261. The Advisory Committee calls on the Serbian authorities to pay increased attention to the situation of persons belonging to national minorities living in economically disadvantaged areas with the adoption of temporary positive measures and ensure that persons belonging to national minorities are adequately involved in both identifying priority projects to be funded and in their implementation.

262. The Advisory Committee expects that the future National Strategy on Roma will adequately and effectively address the problems identified regarding the access of persons belonging to the Roma minority to employment. The new Strategy should also be allocated adequate funding for its full and effective implementation.

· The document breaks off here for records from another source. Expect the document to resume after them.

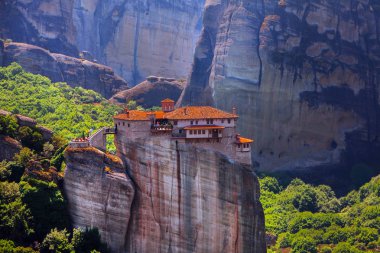 Meteora Manastırı yüksek rock ve yol bahar zaman, Yunanistan dağlarında panoramik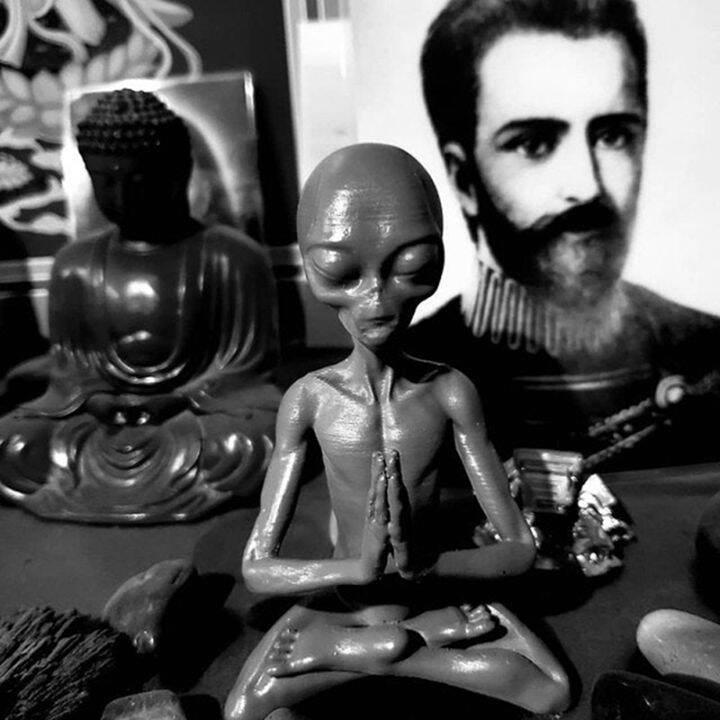 witchcraft-meditation-alien-statue-mini-resin-ornament-alien-garden-home-office-yard-art-decor-for-indoor-outdoor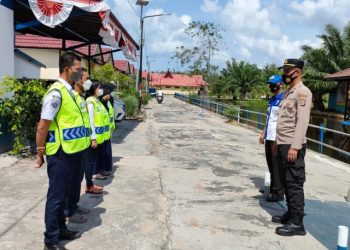 Kasiwas Giat Pengawasan Di Pelayanan Satpas SIM Polres Seruyan.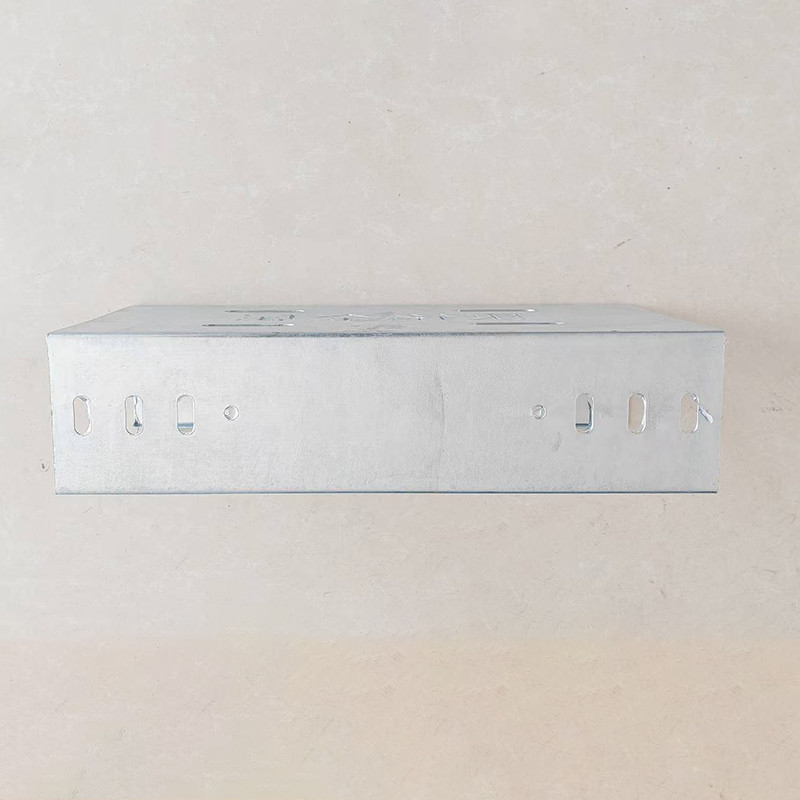Multiple Sizes Trough Type Cable Tray Rustproof Waterproof Cable Trunking With Cover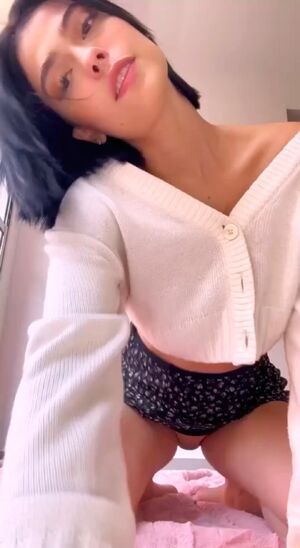 Mexican Girls Babe Big Tits Curvy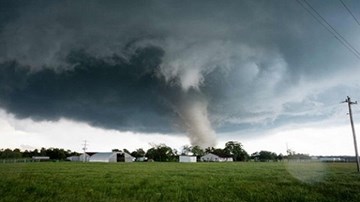 Lốc xoáy khổng lồ ở Mỹ: 2 người chết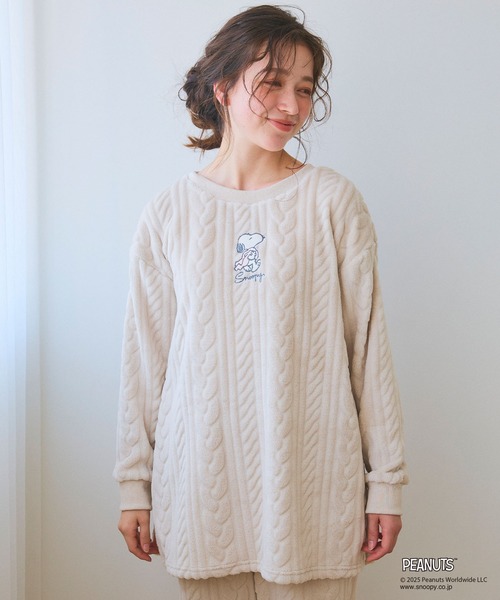 PEANUTS（ピーナッツ）の「【PEANUTS/ピーナッツ】SNOOPY/スヌーピー刺繍ケーブルフリース長袖トップス/ルームウェア（上下別売り）◆2025AW◆（ルームウェア/パジャマ・レディース・ピンク/アイボリー/グレー/ブルー/チャコールグレー/ホワイト/ベビーピンク/グレー系その他/ピンク系その他/ホワイト系その他/ホワイト系その他2・3L/M/LL/L）」の15枚目の写真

Article 18 of the Framework Convention

Bilateral Agreements

Findings of the first cycle

263. In its first Opinion, the Advisory Committee welcomed the existing bilateral co-operation agreements relating to the protection of persons belonging to national minorities and supported attempts to sign additional agreements of this nature, including with Croatia.

Present situation

a) Positive developments

264. The Advisory Committee welcomes the fact that agreements with Croatia and “the former Yugoslav Republic of Macedonia” have been concluded since 2004. The Advisory Committee further welcomes the fact that a number of agreements in the field of cultural and educational co-operation have been signed with neighbouring countries.

b) Outstanding issues

265. The Advisory Committee notes that, although negotiations are reported to continue, the bilateral commissions envisaged in the bilateral co-operation agreements with Romania and Croatia have not yet been established. The Advisory Committee finds that this type of commission could have a potentially useful role in finding solutions to issues of common concern, including in the field of education (see also Article 12 above) and that due attention should be paid to finding an agreement on their establishment. It further notes that no bilateral agreements devoted to the protection of national minorities have been concluded as yet with Bosnia and Herzegovina and Montenegro and it considers that the adoption of such agreements could be instrumental to enhancing the protection of national minorities. The Advisory Committee further notes that, as far as bilateral co-operation with Montenegro is concerned, the situation of those persons who have presently both Serbian and Montenegrin citizenships is due to be addressed through a bilateral agreement. It notes that such an agreement has not been signed as yet and it expects that a solution can be found. Such a solution should keep in mind the importance of maintaining a climate of co-operation and taking due account of the situation of the persons concerned and their ties with the two countries.

Recommendation

266. The Advisory Committee encourages the Serbian authorities to step up efforts to conclude bilateral agreements with other neighbouring countries, including Bosnia and Herzegovina and Montenegro as well as to ensure that the conditions are in place for the effective implementation of existing agreements, including by setting up the necessary bilateral joint commissions.


CONCLUDING REMARKS

267. The Advisory Committee considers that the present concluding remarks could serve as a basis for the conclusions and recommendations to be adopted by the Committee of Ministers with respect to Serbia.

Positive developments

268. Serbian legislative framework contains commendable guarantees regarding the protection of national minorities. This includes a detailed chapter on minority protection in the 2006 Constitution. A new Criminal Code was adopted with some important provisions as regards the prohibition of discrimination. The State level Ombudsman has started his work and is to launch promising initiatives in the field of monitoring national minority protection in all regions of Serbia.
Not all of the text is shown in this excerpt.